What needs to be done:
Every line below is to be set down again exactly; any image stays out.

Dataset extract:
_ _ _ _

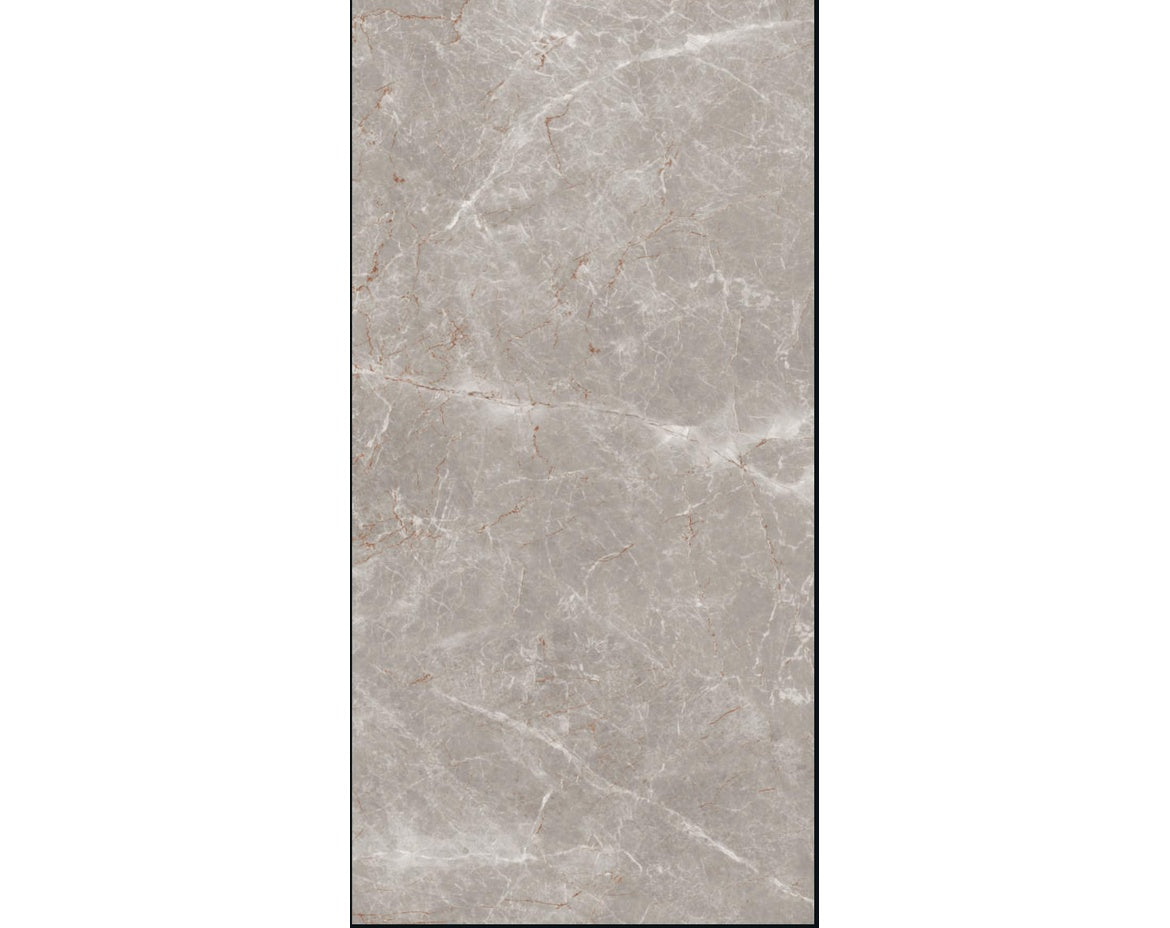Grace Esprada Grey 32 Inch x 64 Inch tile face close-up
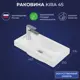 Раковина мебельная Итана раковина 4656755757629 45.3см цвет белый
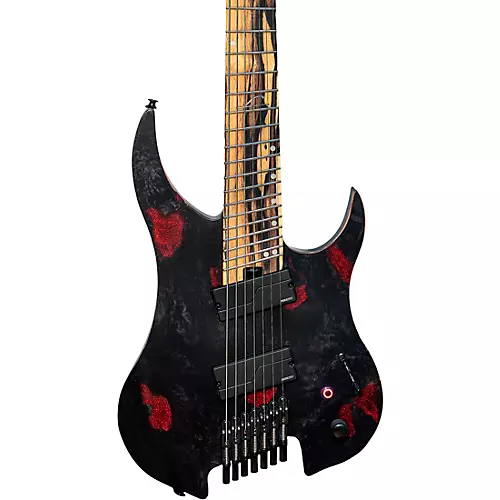 Legator G7FX Ghost 7-String Multi-Scale X Series Electric Guitar Tarantula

_ _ _ _

Written answer:
Grace Esprada Grey 32 Inch x 64 Inch tile face close-up
 Раковина мебельная Итана раковина 4656755757629 45.3см цвет белый
 Legator G7FX Ghost 7-String Multi-Scale X Series Electric Guitar Tarantula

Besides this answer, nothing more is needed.